PROBLEM DESCRIPTION: Working from the top of the records below, reproduce each line exactly, ending once you have written the line containing "Slide: The Image".

(Items from a dataset)
· · · ·

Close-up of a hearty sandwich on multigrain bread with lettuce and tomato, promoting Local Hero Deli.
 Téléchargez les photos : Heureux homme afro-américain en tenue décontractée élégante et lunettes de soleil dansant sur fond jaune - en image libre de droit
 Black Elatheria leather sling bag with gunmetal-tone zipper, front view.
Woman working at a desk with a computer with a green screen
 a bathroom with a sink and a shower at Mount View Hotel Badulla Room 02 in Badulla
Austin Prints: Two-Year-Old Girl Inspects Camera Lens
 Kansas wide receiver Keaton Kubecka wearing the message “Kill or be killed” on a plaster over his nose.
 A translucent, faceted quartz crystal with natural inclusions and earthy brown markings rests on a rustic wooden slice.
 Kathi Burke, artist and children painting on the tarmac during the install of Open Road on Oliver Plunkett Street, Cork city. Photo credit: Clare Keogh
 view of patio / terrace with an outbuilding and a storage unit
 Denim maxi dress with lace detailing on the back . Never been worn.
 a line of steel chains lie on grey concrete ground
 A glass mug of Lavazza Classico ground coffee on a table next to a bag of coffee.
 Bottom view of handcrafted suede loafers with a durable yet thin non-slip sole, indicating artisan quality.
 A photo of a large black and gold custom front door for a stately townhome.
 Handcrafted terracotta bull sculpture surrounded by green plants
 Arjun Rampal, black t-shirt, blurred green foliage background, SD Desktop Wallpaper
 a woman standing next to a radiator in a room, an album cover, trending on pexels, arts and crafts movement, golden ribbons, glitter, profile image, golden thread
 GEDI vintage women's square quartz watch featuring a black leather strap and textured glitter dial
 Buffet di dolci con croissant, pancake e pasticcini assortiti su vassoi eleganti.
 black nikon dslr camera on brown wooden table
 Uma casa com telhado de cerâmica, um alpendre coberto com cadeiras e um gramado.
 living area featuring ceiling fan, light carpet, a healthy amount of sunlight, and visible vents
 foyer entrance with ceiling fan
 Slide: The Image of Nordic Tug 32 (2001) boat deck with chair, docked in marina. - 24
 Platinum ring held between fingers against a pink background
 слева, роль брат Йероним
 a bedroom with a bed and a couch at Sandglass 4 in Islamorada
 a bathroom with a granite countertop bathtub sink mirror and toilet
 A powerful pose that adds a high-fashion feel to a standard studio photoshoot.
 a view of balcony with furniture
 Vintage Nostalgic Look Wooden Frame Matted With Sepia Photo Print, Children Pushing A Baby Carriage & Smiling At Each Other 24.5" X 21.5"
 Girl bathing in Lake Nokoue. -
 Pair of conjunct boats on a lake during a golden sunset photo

· · · ·

ANSWER TO THE PROBLEM:
Close-up of a hearty sandwich on multigrain bread with lettuce and tomato, promoting Local Hero Deli.
 Téléchargez les photos : Heureux homme afro-américain en tenue décontractée élégante et lunettes de soleil dansant sur fond jaune - en image libre de droit
 Black Elatheria leather sling bag with gunmetal-tone zipper, front view.
Woman working at a desk with a computer with a green screen
 a bathroom with a sink and a shower at Mount View Hotel Badulla Room 02 in Badulla
Austin Prints: Two-Year-Old Girl Inspects Camera Lens
 Kansas wide receiver Keaton Kubecka wearing the message “Kill or be killed” on a plaster over his nose.
 A translucent, faceted quartz crystal with natural inclusions and earthy brown markings rests on a rustic wooden slice.
 Kathi Burke, artist and children painting on the tarmac during the install of Open Road on Oliver Plunkett Street, Cork city. Photo credit: Clare Keogh
 view of patio / terrace with an outbuilding and a storage unit
 Denim maxi dress with lace detailing on the back . Never been worn.
 a line of steel chains lie on grey concrete ground
 A glass mug of Lavazza Classico ground coffee on a table next to a bag of coffee.
 Bottom view of handcrafted suede loafers with a durable yet thin non-slip sole, indicating artisan quality.
 A photo of a large black and gold custom front door for a stately townhome.
 Handcrafted terracotta bull sculpture surrounded by green plants
 Arjun Rampal, black t-shirt, blurred green foliage background, SD Desktop Wallpaper
 a woman standing next to a radiator in a room, an album cover, trending on pexels, arts and crafts movement, golden ribbons, glitter, profile image, golden thread
 GEDI vintage women's square quartz watch featuring a black leather strap and textured glitter dial
 Buffet di dolci con croissant, pancake e pasticcini assortiti su vassoi eleganti.
 black nikon dslr camera on brown wooden table
 Uma casa com telhado de cerâmica, um alpendre coberto com cadeiras e um gramado.
 living area featuring ceiling fan, light carpet, a healthy amount of sunlight, and visible vents
 foyer entrance with ceiling fan
 Slide: The Image of Nordic Tug 32 (2001) boat deck with chair, docked in marina. - 24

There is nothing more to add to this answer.